In the summer of 1992 I flew to Little Rock, Arkansas for an audition. Officially, of course, that wasn’t what it was; then-governor Bill Clinton had invited a number of Democratic-leaning economists to talk about policy issues. But everyone understood that our performance would help determine whether we would be offered jobs if he won the presidential election.
At one point Clinton asked how we could get employment in U.S. manufacturing back up to historical levels as a share of total employment. Heads turned to me, since this was clearly my lane, and I answered something like this: “Well, Governor, that really isn’t possible. Even if we could eliminate our trade deficit, the manufacturing share would still be much lower than it was in the 50s and 60s.”
Needless to say, I didn’t get a job in the Clinton administration. I’ve been thankful ever since.
But I was right, and what I said then is still true. Donald Trump declared in his inaugural speech that “America will be a manufacturing nation once again.” No, it won’t. As I’ll explain shortly, Trump’s policies are actually likely to shrink manufacturing, but even if they weren’t, we aren’t going back to the days when manufacturing employed a quarter of the work force rather than its current 8 percent.
To be clear, there is a case for promoting U.S. manufacturing in sectors of strategic importance. Between Putin and Xi, the national security case for tariffs or subsidies looks stronger now than it has for generations. But such policies won’t change the fact that these days we are overwhelmingly a service economy.
And that’s OK. The popular belief that only manufacturing can offer good jobs to ordinary workers is wrong; in fact, at this point manufacturing doesn’t offer especially good jobs. We can make things better for American workers, but a fixation on manufacturing gets in the way of real solutions.
Let’s look at some numbers.
For a generation or so after World War II, America really was a manufacturing nation. Industry employed more than a quarter of the nonfarm work force:
And it accounted for a comparable share of GDP:
But manufacturing’s relative importance has steadily declined. At this point substantially more Americans work in health care than in factories:
The question is, what caused this decline, and can it be reversed?
Trump obviously blames foreign competition and believes that we can make manufacturing great again if we force foreigners to stop running trade surpluses. And to be fair, America’s move into persistent trade deficits, which really began under Ronald Reagan, has been a contributing factor to manufacturing’s decline.

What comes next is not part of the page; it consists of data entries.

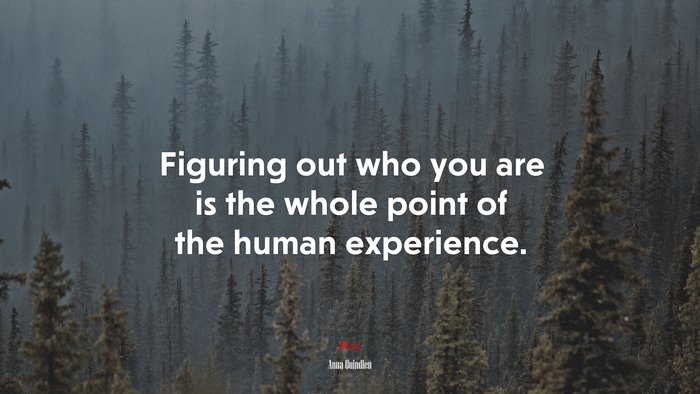 Figuring out who you are is the whole point of the human experience. | Anna Quindlen quote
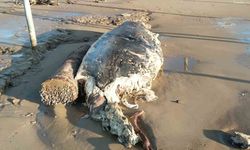 Manavgat'ta sahile ölü yunus vurdu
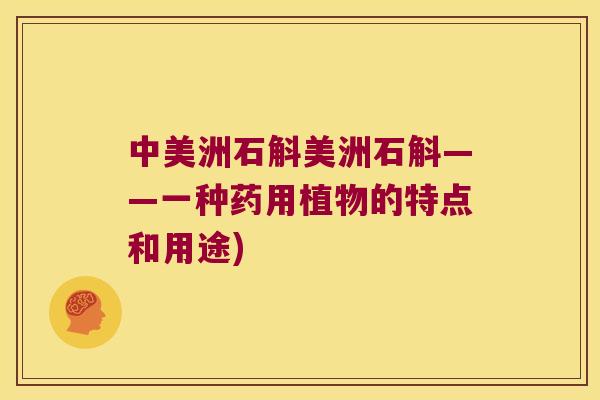 中美洲石斛美洲石斛——一种药用植物的特点和用途) 中美洲石斛美洲石斛——一种药用植物的特点和用途)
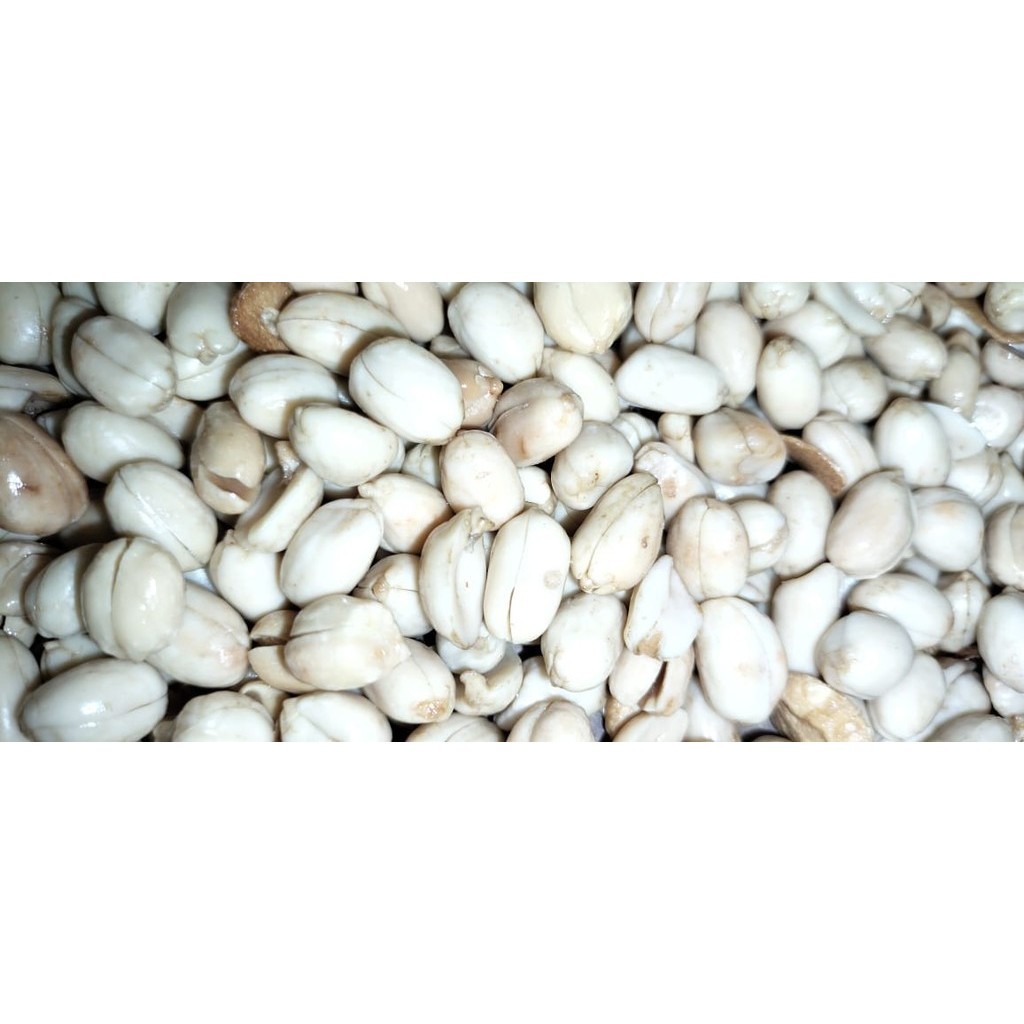 

KACANG BAWANG ASIN - pakek jasa JNT biar lebih cepat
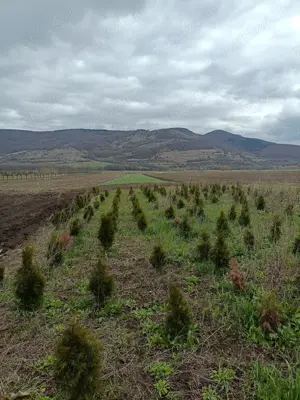 Vând teren Colțești cu plantație tuia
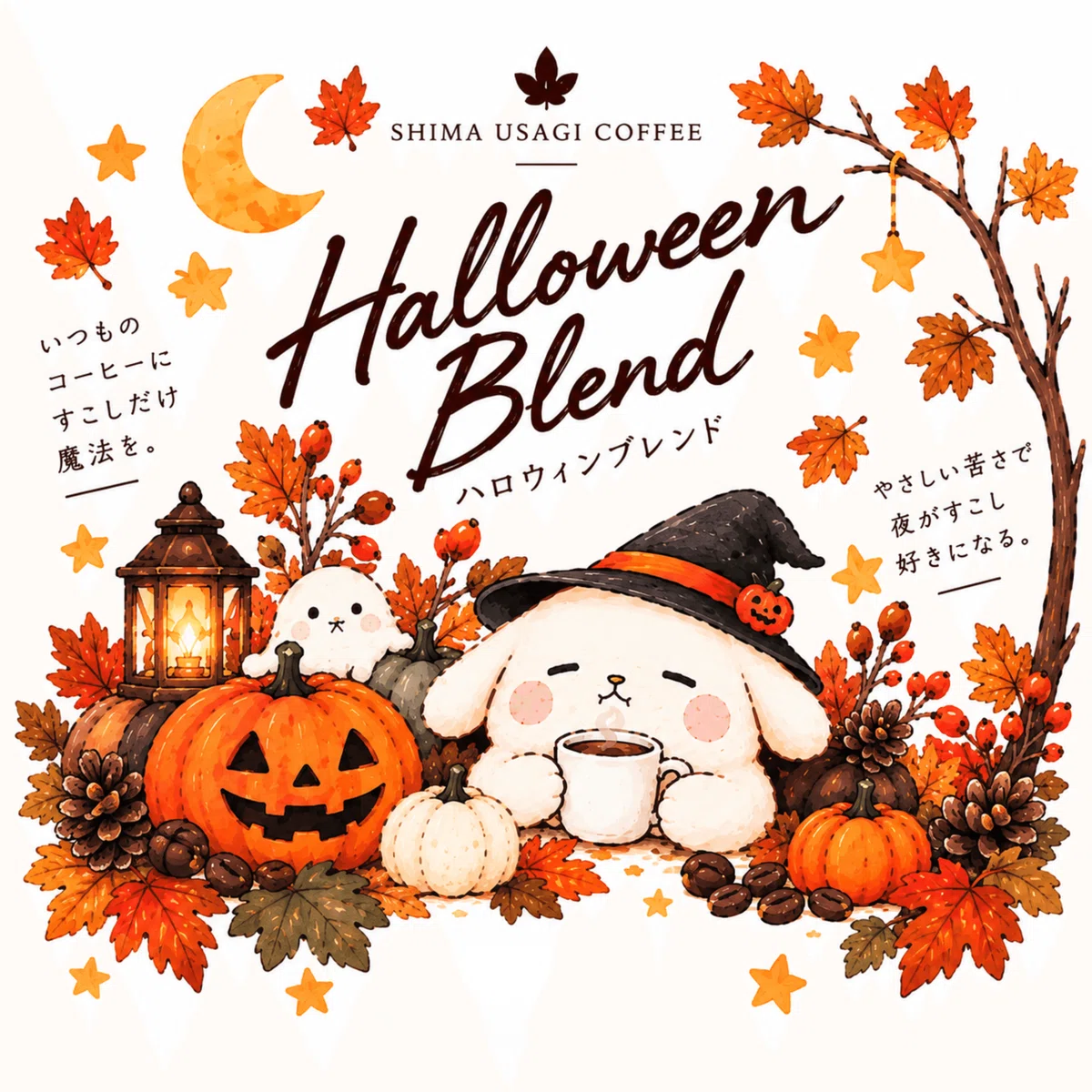 ボテうさのハロウィンパッケージ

But trade deficits weren’t the main reason for manufacturing’s relative decline. What was? Basically, it’s the same story as the relative decline of farming as an occupation, even though America is a big agricultural exporter. We got so good at farming that we no longer needed many farmers; similarly, rising productivity in manufacturing has reduced the need for industrial workers.
Uh-oh, you may think, doesn’t that mean that rising productivity will eventually lead to mass unemployment everywhere? No, that’s a fallacy of composition; read my old Slate article “The accidental theorist,” which explains it all in terms of hot dogs and buns.
And while trade deficits have also been a factor, even eliminating our trade deficit would still leave us much less of a manufacturing nation than we were in, say, the 1960s.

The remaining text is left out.